Saint Vitus fans have been spoiled. Most of the classic Vitus albums have been reissued. The band’s 5th album, V, had long been the exception. Thanks to Hankenstein records, this lost classic is available on vinyl once again. Remastered and limited to 1000 copies, this pressing will soon become a rarity.
Originally released in 1990, V is a pivotal album in the Saint Vitus discography. After nearly a decade with SST Records, the band found themselves signed to a new upstart label. In addition to V, Hell Hound Records decided to release early recordings of Wino’s pre-Vitus band. With his old music alive again, the temptation to revisit a beloved project proved irresistible. Wino quit to focus his talents on a new version of The Obsessed.
It would be a mistake to conclude that these changes had an adverse effect on V. The opposite is true. These songs chronicle a band that has fully settled into their second incarnation. This final album with Weinrich is the proud equal of any classic SST record.
“Living Backwards” opens V with a mid-tempo romp that is classic Vitus. It’s hard not to read Dave Chandler’s lyrics as autobiographical. With the old SST days firmly in the past, hanging out with the Black Flag camp is a fading memory. Albums produced by Spot, Dez screaming backup vocals, and the doomy interpretation of “Thirsty and Miserable” are as distant as the days when Scott Reager fronted the group with his undead/zombie howl.

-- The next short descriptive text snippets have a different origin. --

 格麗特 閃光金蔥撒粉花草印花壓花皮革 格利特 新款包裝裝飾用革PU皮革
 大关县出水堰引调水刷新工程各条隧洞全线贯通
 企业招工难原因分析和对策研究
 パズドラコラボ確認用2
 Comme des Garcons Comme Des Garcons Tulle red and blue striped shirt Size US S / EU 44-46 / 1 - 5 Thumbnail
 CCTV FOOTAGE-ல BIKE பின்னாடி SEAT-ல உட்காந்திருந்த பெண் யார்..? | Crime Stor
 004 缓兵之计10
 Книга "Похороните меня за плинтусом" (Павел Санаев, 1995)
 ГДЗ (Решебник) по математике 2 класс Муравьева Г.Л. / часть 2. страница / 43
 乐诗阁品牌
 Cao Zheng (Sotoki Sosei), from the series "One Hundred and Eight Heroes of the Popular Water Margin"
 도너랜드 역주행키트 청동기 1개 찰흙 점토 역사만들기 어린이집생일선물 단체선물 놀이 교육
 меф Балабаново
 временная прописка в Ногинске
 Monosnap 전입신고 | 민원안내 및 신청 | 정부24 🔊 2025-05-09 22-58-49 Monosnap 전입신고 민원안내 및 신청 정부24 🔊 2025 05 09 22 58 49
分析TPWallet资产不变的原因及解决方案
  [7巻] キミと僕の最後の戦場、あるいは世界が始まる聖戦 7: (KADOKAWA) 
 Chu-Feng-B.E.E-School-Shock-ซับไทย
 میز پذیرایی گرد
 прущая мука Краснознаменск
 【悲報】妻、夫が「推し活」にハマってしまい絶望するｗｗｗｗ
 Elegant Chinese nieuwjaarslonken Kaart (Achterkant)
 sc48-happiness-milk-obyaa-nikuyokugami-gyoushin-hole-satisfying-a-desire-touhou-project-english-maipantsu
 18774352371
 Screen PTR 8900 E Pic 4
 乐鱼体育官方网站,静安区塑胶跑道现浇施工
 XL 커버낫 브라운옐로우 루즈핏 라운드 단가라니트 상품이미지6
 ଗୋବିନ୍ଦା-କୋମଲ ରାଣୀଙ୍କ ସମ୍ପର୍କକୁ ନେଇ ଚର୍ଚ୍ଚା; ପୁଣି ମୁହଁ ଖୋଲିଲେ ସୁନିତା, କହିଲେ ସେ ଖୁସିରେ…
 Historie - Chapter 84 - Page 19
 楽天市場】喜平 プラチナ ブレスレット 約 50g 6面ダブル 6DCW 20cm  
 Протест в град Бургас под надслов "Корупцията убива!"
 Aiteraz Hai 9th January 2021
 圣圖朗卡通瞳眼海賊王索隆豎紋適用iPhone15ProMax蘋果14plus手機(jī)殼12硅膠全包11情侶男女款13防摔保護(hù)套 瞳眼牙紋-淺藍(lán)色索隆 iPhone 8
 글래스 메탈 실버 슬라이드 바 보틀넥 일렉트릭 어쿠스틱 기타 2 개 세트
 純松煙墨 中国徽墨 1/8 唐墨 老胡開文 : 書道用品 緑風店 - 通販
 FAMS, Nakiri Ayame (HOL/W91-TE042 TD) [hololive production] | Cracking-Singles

Concluding with the observation, “So I’m living backwards/The past is all I see,” Chandler hardly seems optimistic for the future. One wonders if the guitarist was aware that he was about to lose his lead singer once again. If Weinrich had already made his intentions to leave known, the lyrics sting on a whole other level. Everything that Chandler devoted his life to is crumbling. No wonder the “The past is all I see” is repeated as a couplet.
The lyrics are depressing but the music is upbeat. The Sabbath influence that molded the Saint Vitus sound is clear as chugging power chords drive the rhythm. Still, Dave Chandler has his own vibe. A piercing note drenched in feedback introduces a guitar solo that is manic and unrestrained. Chandler is clearly enjoying himself as he battles with his squealing overdriven amp. It’s the sound of a man doing what he loves.
When Wino and Chandler write together, the results are impressive. There has never been a finer example of their unique chemistry than “I Bleed Black.” It’s an epic song that has become a Saint Vitus classic in the same vein as “Born Too Late.”
The riff is simple but heavy. This song could be mistaken for Black Sabbath. Great dissonant trills separate fat power chords that ooze saturation. Acosta hits the drums with force. He creates a huge soundstage for the band to paint their image of a tortured, defiant man of pride.
The vocal performance is a major component behind the song’s impact. Wino is a master of phrasing. When a particular line resonates, Weinrich spits out key phrases with an attitude that you feel in the gut. Already an intimidating presence, the dark lyrics become him.
Vocals are precisely what set “When Emotion Dies” apart. A haunting duet, the subdued voice of Dave Chandler is silhouetted by female vocals. This odd union plays out over clean guitars. A vision of gloom between two loud slabs of metal, it’s a welcome addition to an otherwise heavy album.
Side two gives both songwriters moments to shine. “Ice Monkey” is the only composition written solely by Wino. “Jack Frost” is a tale of winter that features a section of isolated guitars. Basically, they set Chandler loose in a recording studio with a whammy bar and Marshall stack. “Angry Man” features a rare Mark Adams songwriting credit while album closer “Mind Food,” is an ode to the band’s professed love of psychedelics.
The only downside to V is that it marks the beginning of Wino’s decade long absence from Saint Vitus. Of course it wasn’t all for nothing. Wino gave us The Obsessed and Spirit Caravan. Saint Vitus would release an album with yet another singer before a short-lived reunion with Scott Reagers. Still, because V was such a solid, concentrated album, one always wondered what would have come next had Wino remained with the group.
Fortunately it’s no longer a mystery. After reuniting and playing several well-received shows, the band went into the studio with Wino once again. The result was Lillie F-65, a heavy doom record that seemingly picked up exactly where V left off. With V back in print, it’s the perfect time to revisit or discover this high mark in the storied history of Saint Vitus.